Stored dataset items
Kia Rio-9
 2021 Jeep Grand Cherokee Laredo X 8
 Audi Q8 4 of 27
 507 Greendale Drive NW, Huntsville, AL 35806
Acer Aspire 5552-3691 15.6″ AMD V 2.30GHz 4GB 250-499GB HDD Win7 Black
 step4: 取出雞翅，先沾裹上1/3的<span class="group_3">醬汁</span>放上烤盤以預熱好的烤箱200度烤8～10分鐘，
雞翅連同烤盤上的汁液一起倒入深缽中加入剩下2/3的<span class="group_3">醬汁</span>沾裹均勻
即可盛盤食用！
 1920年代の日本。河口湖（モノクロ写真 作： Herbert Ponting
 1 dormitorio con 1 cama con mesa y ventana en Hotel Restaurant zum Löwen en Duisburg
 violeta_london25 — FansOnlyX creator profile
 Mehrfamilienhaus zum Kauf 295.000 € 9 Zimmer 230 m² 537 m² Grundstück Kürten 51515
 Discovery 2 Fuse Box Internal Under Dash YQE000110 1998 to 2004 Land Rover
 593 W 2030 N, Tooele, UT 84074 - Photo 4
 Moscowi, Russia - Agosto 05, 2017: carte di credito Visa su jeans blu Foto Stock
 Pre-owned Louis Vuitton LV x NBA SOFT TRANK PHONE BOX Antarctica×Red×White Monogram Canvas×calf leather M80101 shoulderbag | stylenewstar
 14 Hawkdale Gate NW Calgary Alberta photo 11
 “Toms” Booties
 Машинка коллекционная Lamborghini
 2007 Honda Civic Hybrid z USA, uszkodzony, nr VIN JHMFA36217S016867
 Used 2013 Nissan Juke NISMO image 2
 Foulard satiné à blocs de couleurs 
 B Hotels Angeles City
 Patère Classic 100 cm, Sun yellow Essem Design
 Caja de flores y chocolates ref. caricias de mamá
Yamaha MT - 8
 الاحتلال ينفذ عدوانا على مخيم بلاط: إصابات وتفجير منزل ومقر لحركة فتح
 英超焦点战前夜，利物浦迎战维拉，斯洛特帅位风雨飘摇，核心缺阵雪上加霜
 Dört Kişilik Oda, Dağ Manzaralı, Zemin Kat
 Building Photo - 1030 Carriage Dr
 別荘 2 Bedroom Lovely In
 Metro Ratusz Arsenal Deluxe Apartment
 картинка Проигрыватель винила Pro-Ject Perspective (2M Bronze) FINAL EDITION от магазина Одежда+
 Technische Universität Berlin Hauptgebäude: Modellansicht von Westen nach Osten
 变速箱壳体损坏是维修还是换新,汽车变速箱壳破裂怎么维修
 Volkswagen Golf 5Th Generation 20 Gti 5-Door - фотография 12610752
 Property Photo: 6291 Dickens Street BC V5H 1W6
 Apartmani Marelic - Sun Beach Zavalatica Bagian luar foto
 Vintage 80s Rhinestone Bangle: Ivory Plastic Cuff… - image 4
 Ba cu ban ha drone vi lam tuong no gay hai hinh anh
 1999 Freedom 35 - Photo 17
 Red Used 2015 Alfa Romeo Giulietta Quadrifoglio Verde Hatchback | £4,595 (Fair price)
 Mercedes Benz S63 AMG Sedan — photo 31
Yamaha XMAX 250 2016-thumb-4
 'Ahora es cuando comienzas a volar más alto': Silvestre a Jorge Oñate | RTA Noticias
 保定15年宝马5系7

Required action: When you answer, return the records above exactly as they stand.

Task answer:
Kia Rio-9
 2021 Jeep Grand Cherokee Laredo X 8
 Audi Q8 4 of 27
 507 Greendale Drive NW, Huntsville, AL 35806
Acer Aspire 5552-3691 15.6″ AMD V 2.30GHz 4GB 250-499GB HDD Win7 Black
 step4: 取出雞翅，先沾裹上1/3的<span class="group_3">醬汁</span>放上烤盤以預熱好的烤箱200度烤8～10分鐘，
雞翅連同烤盤上的汁液一起倒入深缽中加入剩下2/3的<span class="group_3">醬汁</span>沾裹均勻
即可盛盤食用！
 1920年代の日本。河口湖（モノクロ写真 作： Herbert Ponting
 1 dormitorio con 1 cama con mesa y ventana en Hotel Restaurant zum Löwen en Duisburg
 violeta_london25 — FansOnlyX creator profile
 Mehrfamilienhaus zum Kauf 295.000 € 9 Zimmer 230 m² 537 m² Grundstück Kürten 51515
 Discovery 2 Fuse Box Internal Under Dash YQE000110 1998 to 2004 Land Rover
 593 W 2030 N, Tooele, UT 84074 - Photo 4
 Moscowi, Russia - Agosto 05, 2017: carte di credito Visa su jeans blu Foto Stock
 Pre-owned Louis Vuitton LV x NBA SOFT TRANK PHONE BOX Antarctica×Red×White Monogram Canvas×calf leather M80101 shoulderbag | stylenewstar
 14 Hawkdale Gate NW Calgary Alberta photo 11
 “Toms” Booties
 Машинка коллекционная Lamborghini
 2007 Honda Civic Hybrid z USA, uszkodzony, nr VIN JHMFA36217S016867
 Used 2013 Nissan Juke NISMO image 2
 Foulard satiné à blocs de couleurs 
 B Hotels Angeles City
 Patère Classic 100 cm, Sun yellow Essem Design
 Caja de flores y chocolates ref. caricias de mamá
Yamaha MT - 8
 الاحتلال ينفذ عدوانا على مخيم بلاط: إصابات وتفجير منزل ومقر لحركة فتح
 英超焦点战前夜，利物浦迎战维拉，斯洛特帅位风雨飘摇，核心缺阵雪上加霜
 Dört Kişilik Oda, Dağ Manzaralı, Zemin Kat
 Building Photo - 1030 Carriage Dr
 別荘 2 Bedroom Lovely In
 Metro Ratusz Arsenal Deluxe Apartment
 картинка Проигрыватель винила Pro-Ject Perspective (2M Bronze) FINAL EDITION от магазина Одежда+
 Technische Universität Berlin Hauptgebäude: Modellansicht von Westen nach Osten
 变速箱壳体损坏是维修还是换新,汽车变速箱壳破裂怎么维修
 Volkswagen Golf 5Th Generation 20 Gti 5-Door - фотография 12610752
 Property Photo: 6291 Dickens Street BC V5H 1W6
 Apartmani Marelic - Sun Beach Zavalatica Bagian luar foto
 Vintage 80s Rhinestone Bangle: Ivory Plastic Cuff… - image 4
 Ba cu ban ha drone vi lam tuong no gay hai hinh anh
 1999 Freedom 35 - Photo 17
 Red Used 2015 Alfa Romeo Giulietta Quadrifoglio Verde Hatchback | £4,595 (Fair price)
 Mercedes Benz S63 AMG Sedan — photo 31
Yamaha XMAX 250 2016-thumb-4
 'Ahora es cuando comienzas a volar más alto': Silvestre a Jorge Oñate | RTA Noticias
 保定15年宝马5系7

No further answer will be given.